Solidariedade internacional, antimilitarismo e memória social dos trabalhadores
Eduardo Stotz
As manifestações estudantis nos campus universitários dos EUA contra a guerra de aniquilação dos palestinos por Israel, em curso na Faixa de Gaza, trouxeram de volta o ativismo antimilitarista característico da época da luta contra a Guerra do Vietnã.
Registre-se que a ajuda militar estadunidense a Israel vem de longe, transformando-o em sua “ponta de lança” nuclear no Oriente Médio. No ultimo ano do governo de Barak Obama, em 2016, foi estabelecido o valor de US$38 bilhões a ser transferido em 10 anos, sendo que 3,3 bilhões destinados a equipamentos militares comprados a empresas americanas. A bomba MK-84, com peso de 900 kg fabricada nos Estados Unidos pela General Dynamics, tem sido usada massivamente contra a população civil em Gaza. Com o apelido de “Martelo” devido a seu poder destrutivo (pode formar crateras com 15,2 m de largura e 11 m de profundidade e perfurar 380 mm de metal ou 3,3 m de concreto, dependendo da altura que for lançada), começou a ser usada na Guerra do Vietnã (O Globo, 14.04.24: Empresas dos EUA lucram com a guerra em Gaza, p. 21; Wikipedia, Mark 84).
Esses valores estão subestimados. Como Labor Notes aponta em recente artigo, apenas “em 2021, o Departamento de Defesa gastou 7,4 mil milhões de dólares em investigação nas universidades dos EUA.” Nesta matéria fica claro que, junto com o movimento estudantil, está surgindo outro, capaz de conquistar, nas universidades norte-americanas, o apoio de pesquisadores contra o esquema industrial-militar e ao próprio Estado no centro do país hegemônico do imperialismo.
É importante ressaltar que a construção da solidariedade internacional se expressa de diferentes formas, encontrando apoio entre os portuários de diferentes países, como ocorreu recentemente no envio de armamentos a Israel e mesmo em greves de cunho econômico, a exemplo do bloqueio à Tesla na Suécia. Mas também se dá em processos menos visíveis e passíveis de identificação pública, como será relatado a seguir em narrativa extraída do livro “O tempo no Planetário e outros ensaios” (Edição do Autor, 2002, 2008):
OBSERVAR, ENTENDER
Em novembro de 1980, uma equipe da Carta Arqueológica do Algarve identificou um extenso povoado num lugar denominado Vale do Boto. Apesar da indiferença oficial, os arqueólogos conseguiram recursos mínimos e o adiamento, por um ano, do plantio da vinha que, por meio da destruição de um secular olival e da remoção de centenas de pedras emparelhadas e fragmentos de cerâmica, conduzira à descoberta. As escavações e os estudos permitiram salvar para a História estes traços fósseis no sítio do Vale do Boto, em Olhos de São Bartolomeu de Castro Marim, traços identificados como de origem árabe-medieval.
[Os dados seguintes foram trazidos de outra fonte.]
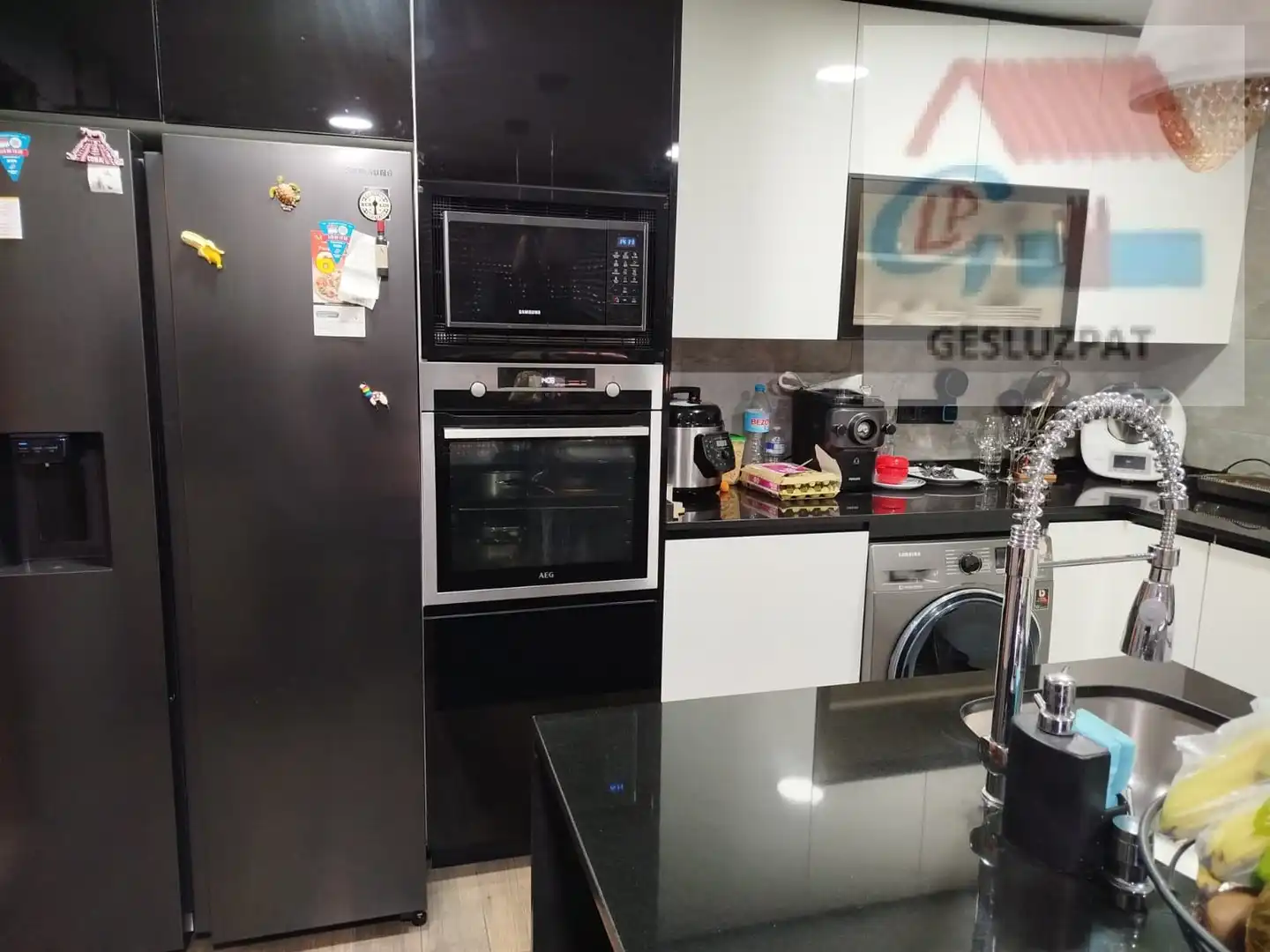 Adosado con terraza en venta en Los Robles, imagen 4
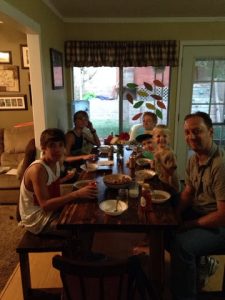 Read more about the article boys…. boys…. boys……..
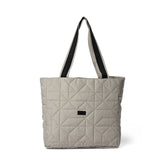 KPHarkell bag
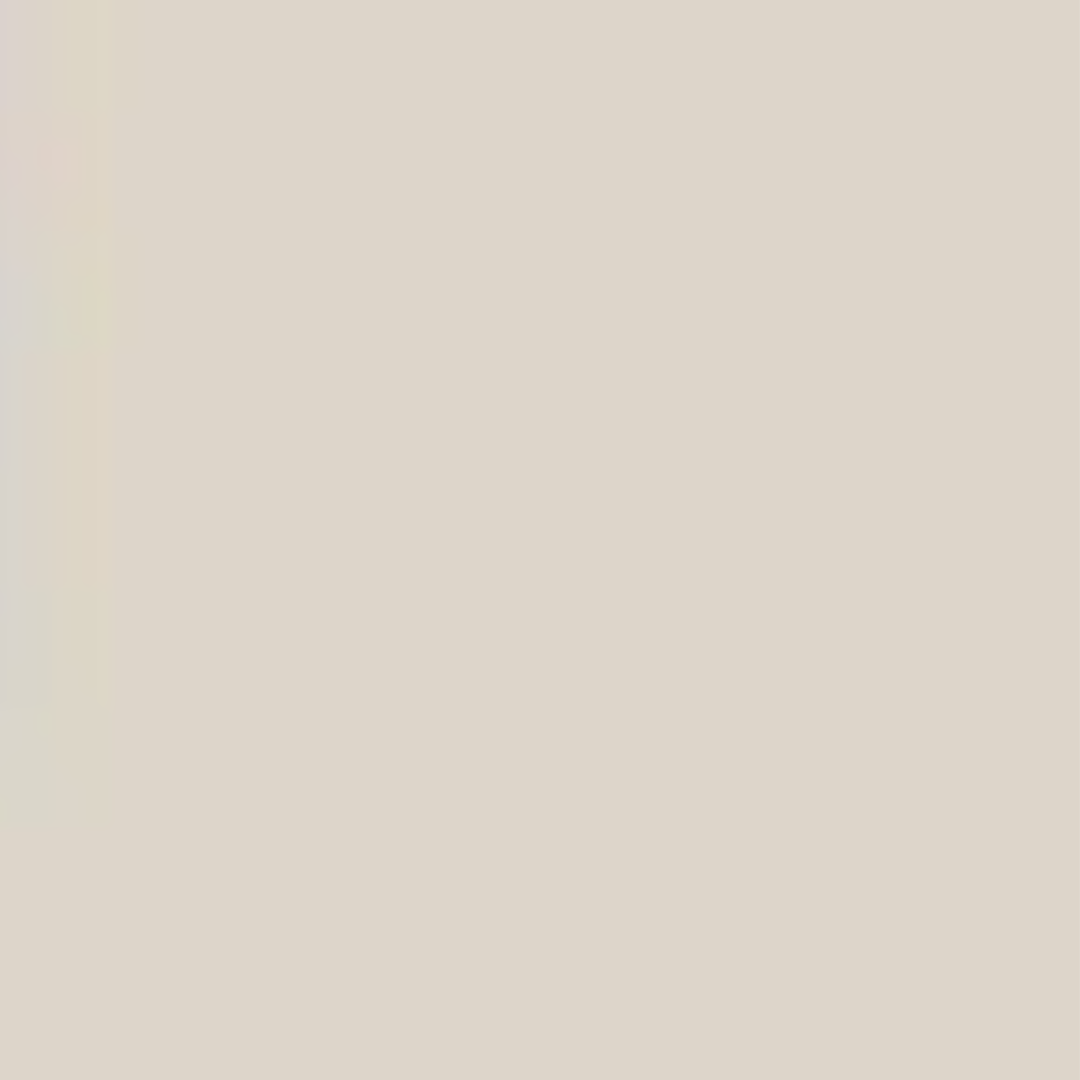 Anti-Roll Changing Mat - Hamptons (Greige) - The Tiny Bed Company™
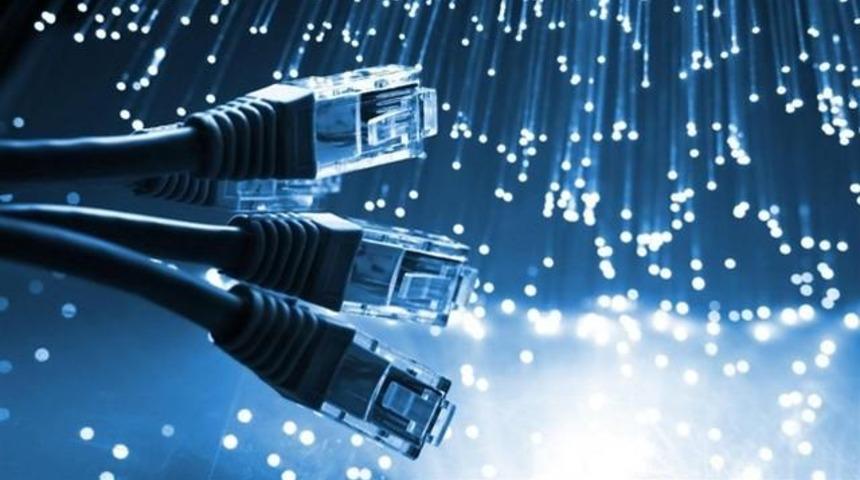 Gündeydoğu'nun Hangi İllerinde İnternet Yok!Ne Zaman Normale Dönecek?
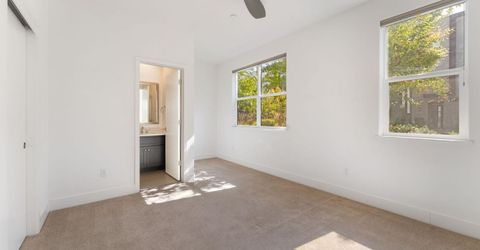 1010 Alkali Ln, Sacramento, CA 95814 Photo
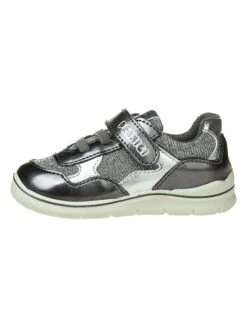 Primigi Sneakers In Grau
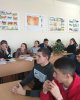 Қозыбаев оқулары-2019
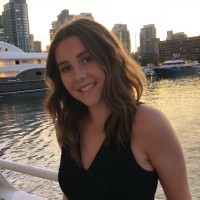 Elise Ridley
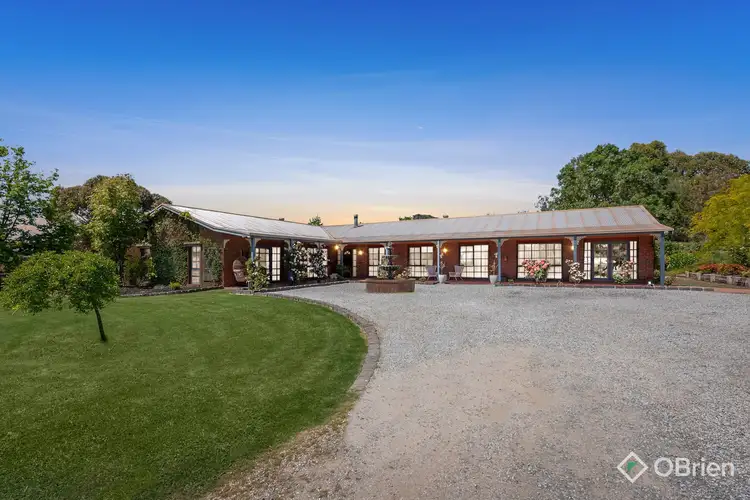 189 Mornington-Tyabb Road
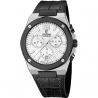 FESTINA SWISS VALLEE F22003/1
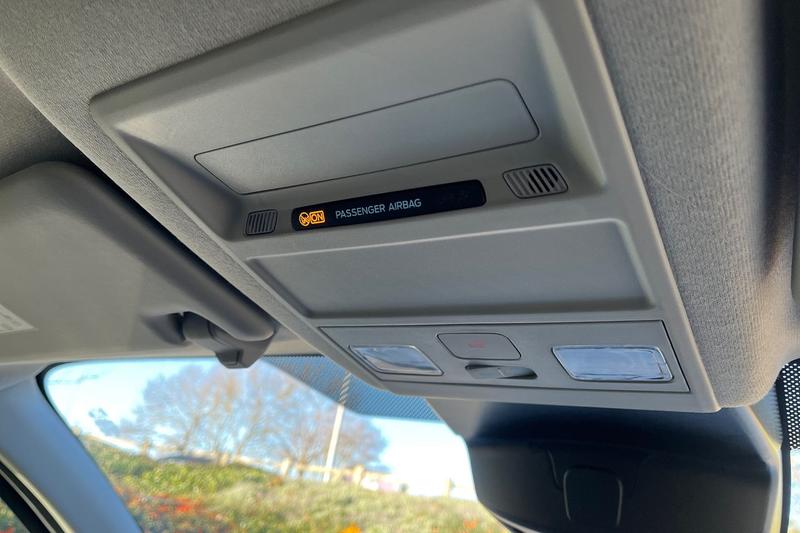 Used Ford Transit Custom 2024 for sale - 76580804: Photo 28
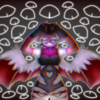 DemonGirl6666's avatar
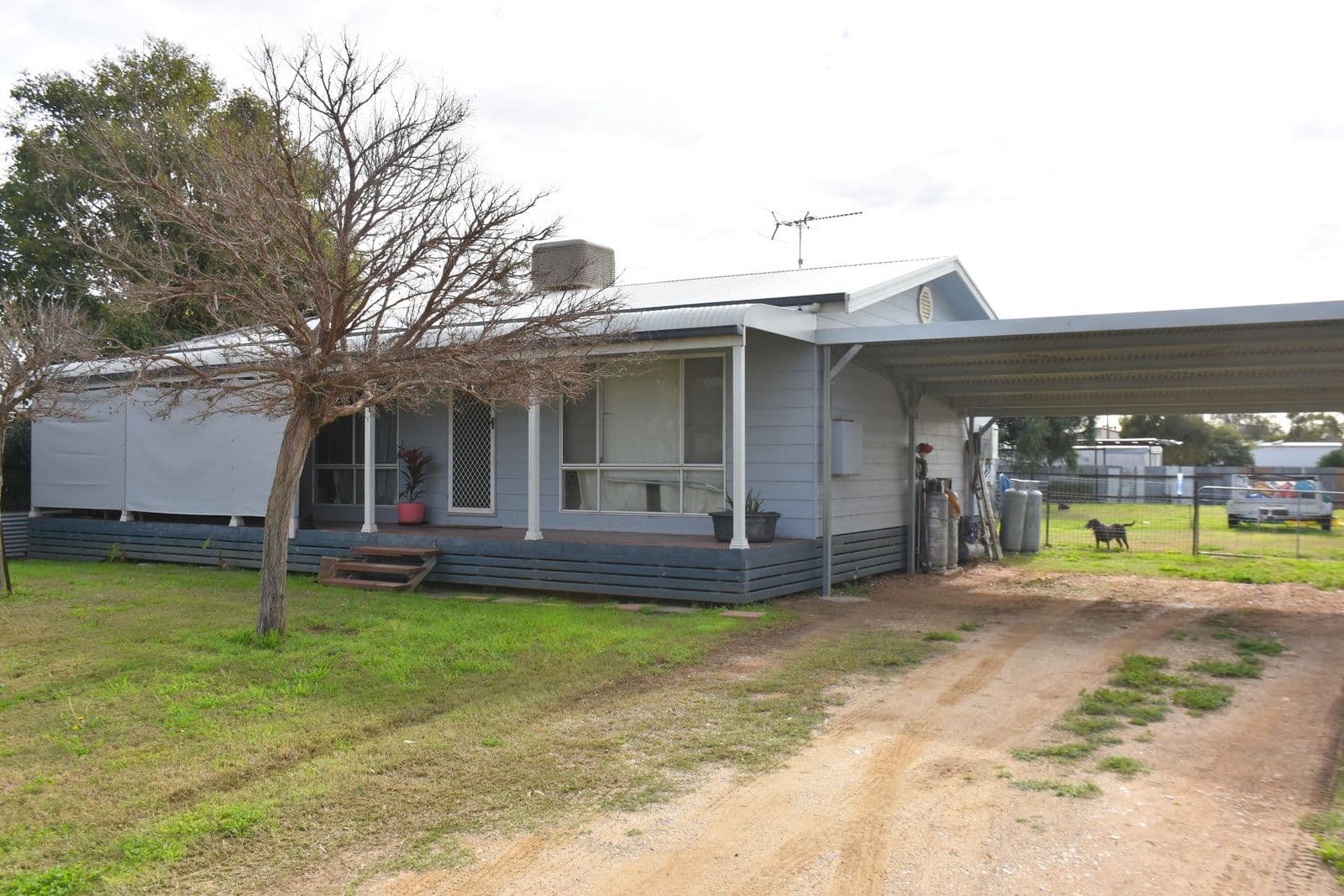 11A Hugh Street, Ashley NSW 2400, Ashley - Thumbnail 3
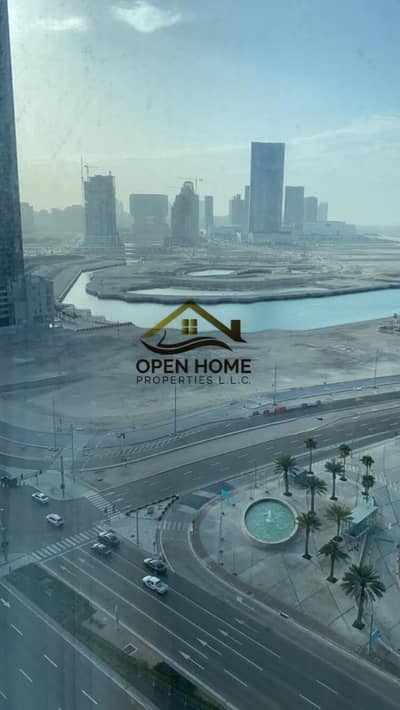 Great View @ Great price @ The Gate Tower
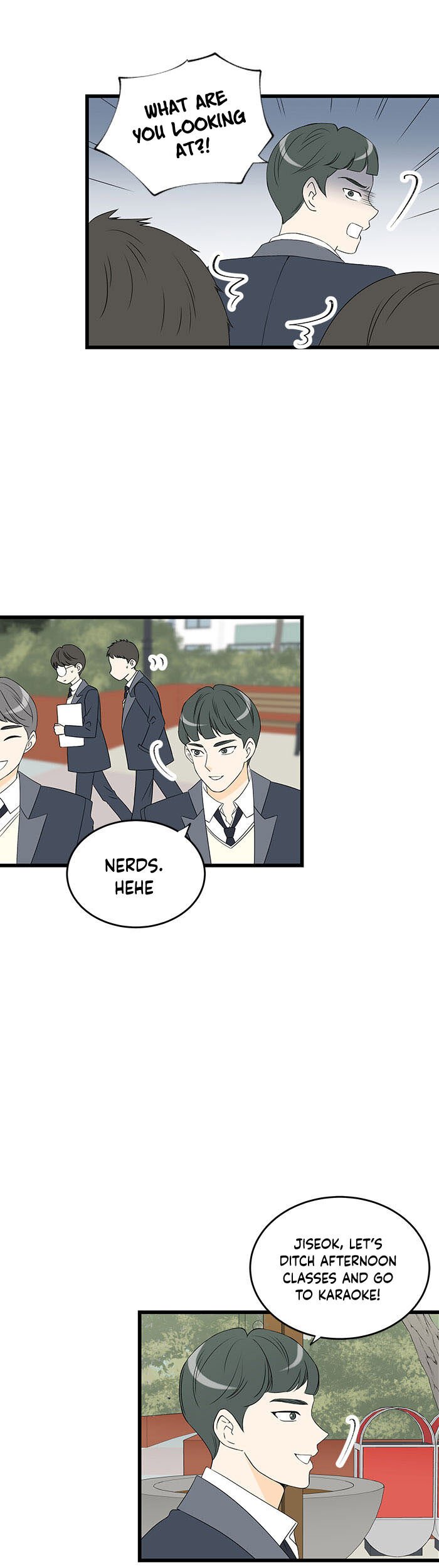 Page 11 of Chapter 14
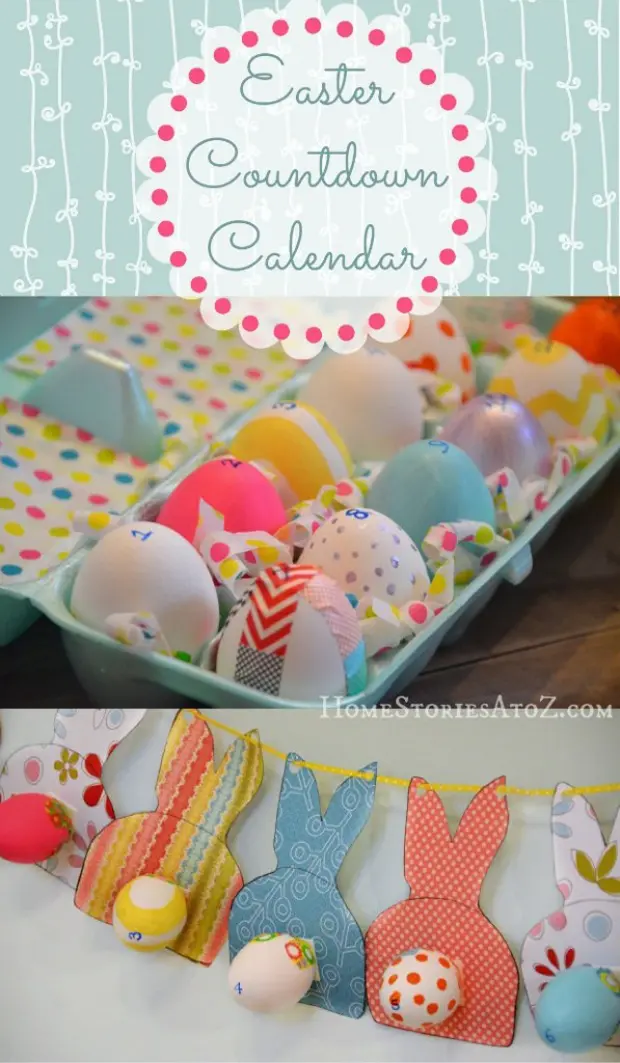 easter-countdown-calendar_01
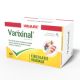 Varixinal, 60 tablete, Walmark 698126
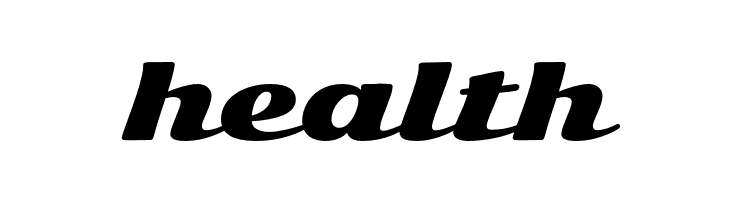 SonsieOne  Free Fonts Download
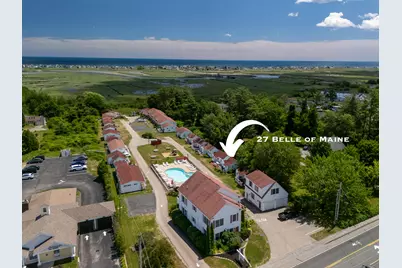 1139 Post Road #27, Wells, ME 04090 - Photo 3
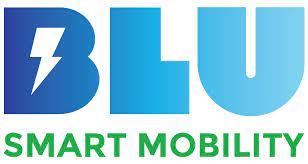 Blusmart Mobility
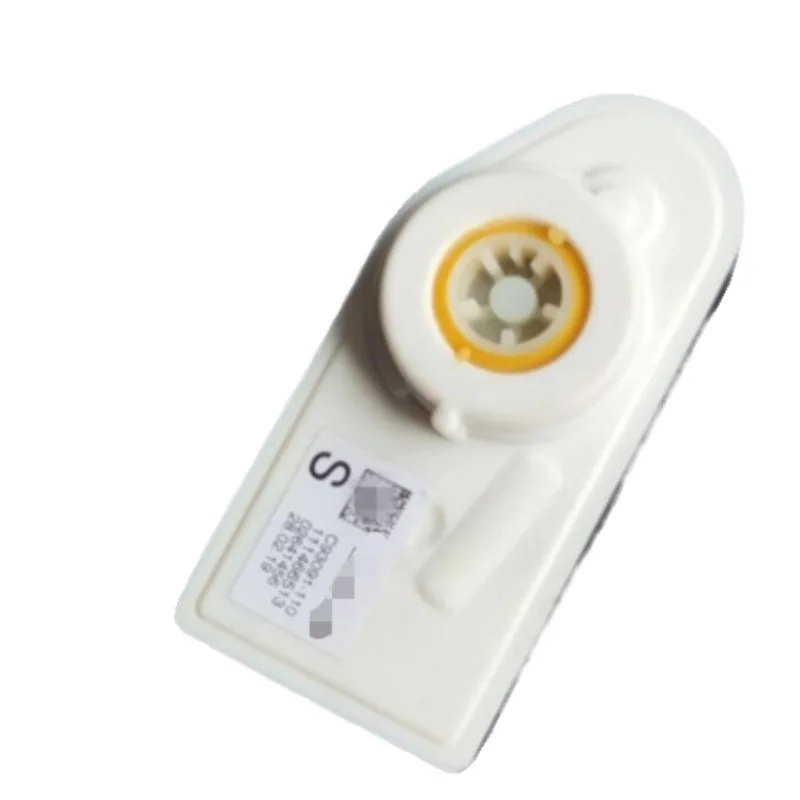 

Автомобильный новый откидной двигатель впускной жалюзи для BMW G38 525 530 540 730 740 750 760 640 51749854640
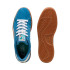 Zapatillas Casual Puma Smash 3.0 Year Of Sports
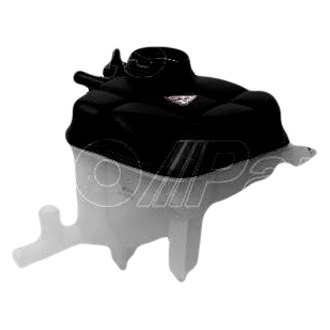 URO Parts® - Engine Coolant Reservoir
Dentre as conclusões, vale a pena destacar a suposição de ter havido uma ocupação centrada em pleno período muçulmano, entre os séculos IX e XI, período do califado e das taifas. Referem-se os pesquisadores, ainda, à extrema pobreza desta ocupação. Contra a opinião de alguns, seria necessário prosseguir os trabalhos. Eles afirmaram, em apoio a esta assertiva:
É que, mais que as opulentas cidades, onde cresceu e se extinguiu uma brilhante civilização, nos interessam esses humildes lugarejos, onde se forjou toda uma história agrária que está na gênese da nossa própria.
Em apêndice ao artigo [1] , os arqueólogos fazem ainda referência a uma história recolhida entre trabalhadores rurais e pescadores da região, a um primeiro olhar pouco crível, mas de registro indispensável, repassada a eles por intermédio de Augusto Cavaco, proprietário do Vale do Boto, entretanto falecido; versões idênticas foram posteriormente recolhidas.
A história é a seguinte:
Trabalhadores portugueses que haviam migrado para Marrocos, ao se identificarem como provenientes da região do Vale do Boto, em Castro Marim, ouviram repetidas vezes os marroquinos lhes dizerem ser aquele o lugar de uma das suas antigas cidades, de onde, em épocas remotas, teriam fugido, perseguidos pelos cristãos. A frequência com que ouvimos esta história ser contada por pessoas sem qualquer contato entre si, justifica que a mencionemos.
Eduardo Stotz
[1] Helena Catarino, Ana Margarida Arruda e Victor Gonçalves. Vale do Boto: escavações de 1981 no complexo árabe/medieval. Clio, revista do Centro de História da Universidade de Lisboa, vol. 3, 1981.